By focusing attention and resources on the educational needs of young Londoners, in particular the socially excluded, we can prevent violence from happening in the first place.
At Safer London we build strong trusting relationships with the young Londoners we work with. They tell us how they’ve experienced traumatic events which can have a lasting impact on their lives. Our knowledge and understanding of trauma are the building blocks of our support. We support them to address and overcome the challenges they have faced, and move on to a positive future.
We regularly see success by responding to young people’s trauma. That is why we recognise the importance of this approach being adopted across educational settings. The teenager playing up in the classroom may have witnessed domestic abuse in the home; the young girl who starts skipping class may be getting groomed online – you just can’t tell from the outside what is happening in a young person’s life.

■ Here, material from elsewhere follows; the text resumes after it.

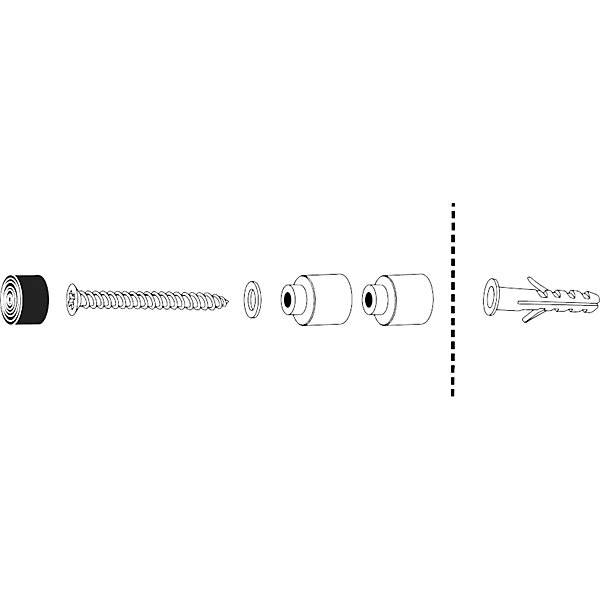 Wandtürstopper EH511 Ø 12 mm VE 2 Stk 12 mm silber/schwarz. Wagner System GmbH 83142149-2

We all have a duty to keep young people safe. It is time to step away from negative labels that can follow a child into adulthood. Instead it is time to educate ourselves on the signs that can indicate that a young person is at risk and needs support. It’s equally important not focus on school exclusions as being the sole reason, or direct cause, of the rise in young people being caught up in violence or criminal exploitation. This is a complex issue, one where there is no quick win. However, we can have lasting change. We need to focus on creating strong cross sector relationships, work in collaboration to implement best practice, recognise trauma and provide adequate and timely support to allow all children and young people to thrive.